## Records to process:
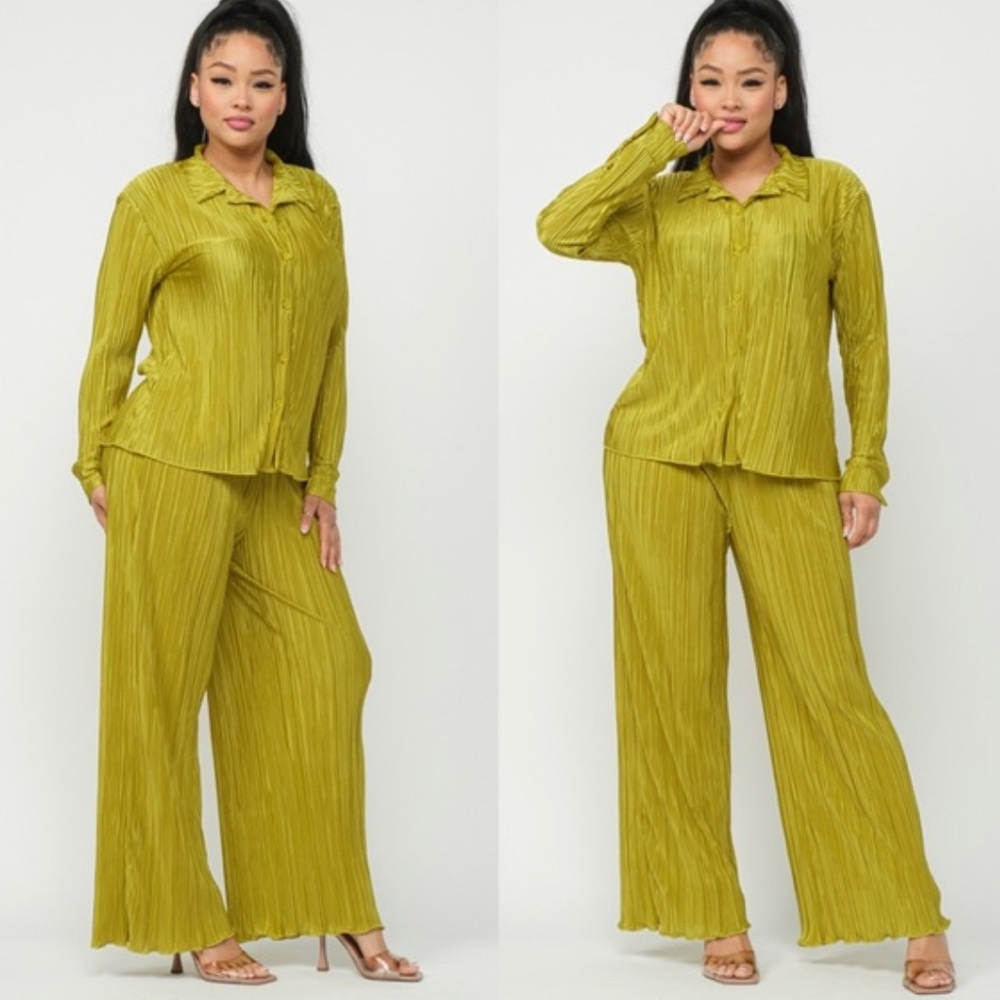 *NWT* green pleated set from Forever 21 size Medium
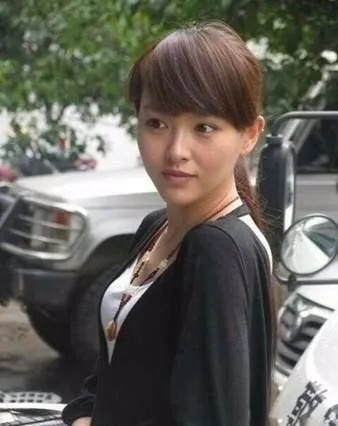 家里不许考中戏，唐嫣反手考第二，这或许是她最叛逆的事儿！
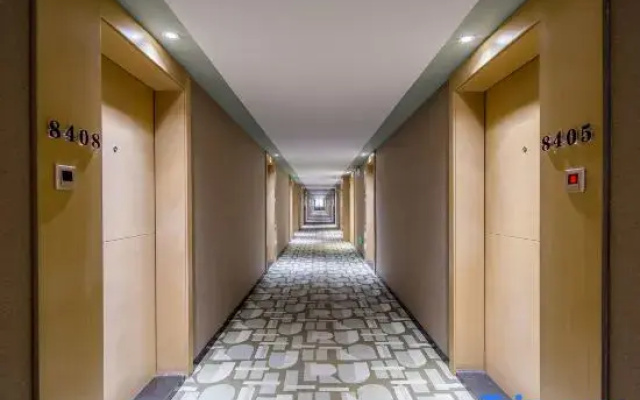 Unitour Hotel (Nanning Railway Station Thirty-Three Middle Subway Station)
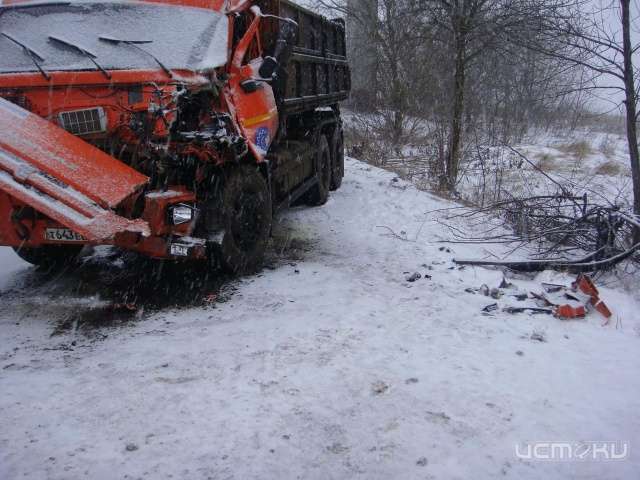 В одной из деревень Орловщины столкнулись два КамАЗа В одной из деревень Орловщины столкнулись два КамАЗа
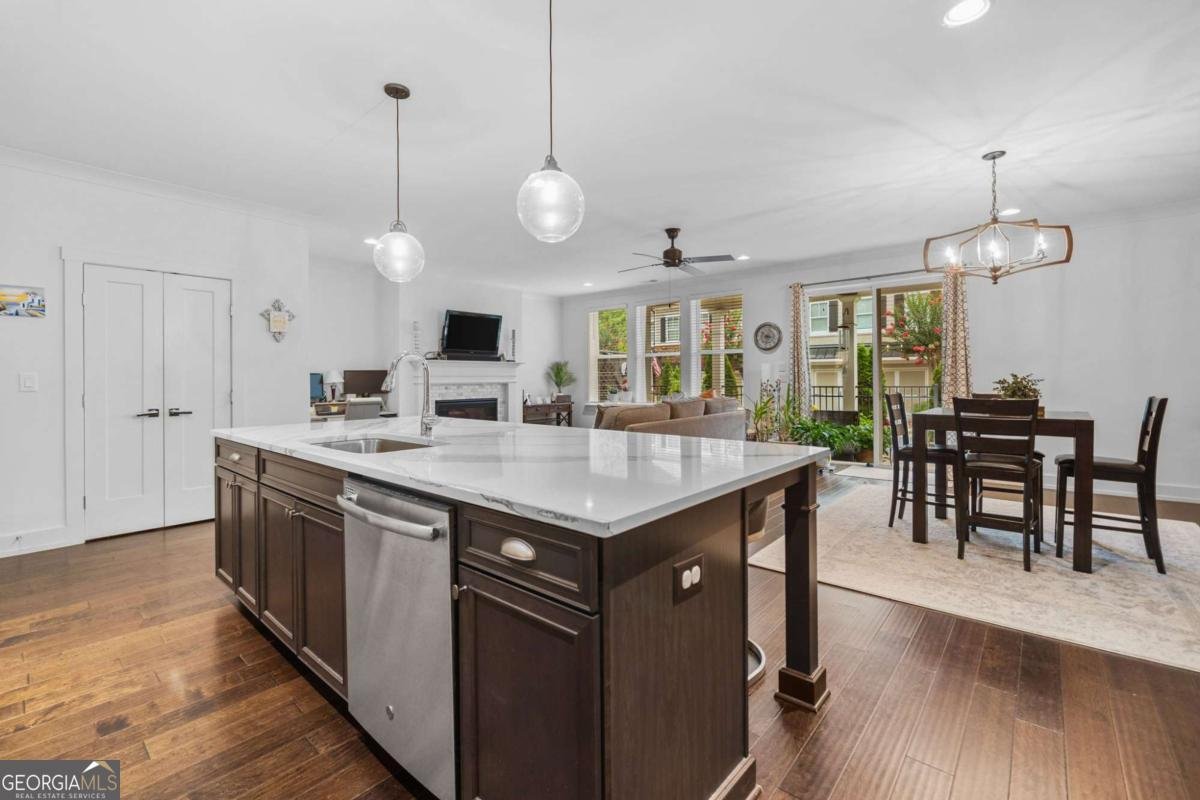 415 Bellehaven Lane Woodstock - 6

## What to produce:
Every line from the one with "В одной из деревень Орловщины столкнулись два КамАЗа В" through the end of the material above should be restated word for word, with the pictures left out.

## Written solution:
 В одной из деревень Орловщины столкнулись два КамАЗа В одной из деревень Орловщины столкнулись два КамАЗа
 415 Bellehaven Lane Woodstock - 6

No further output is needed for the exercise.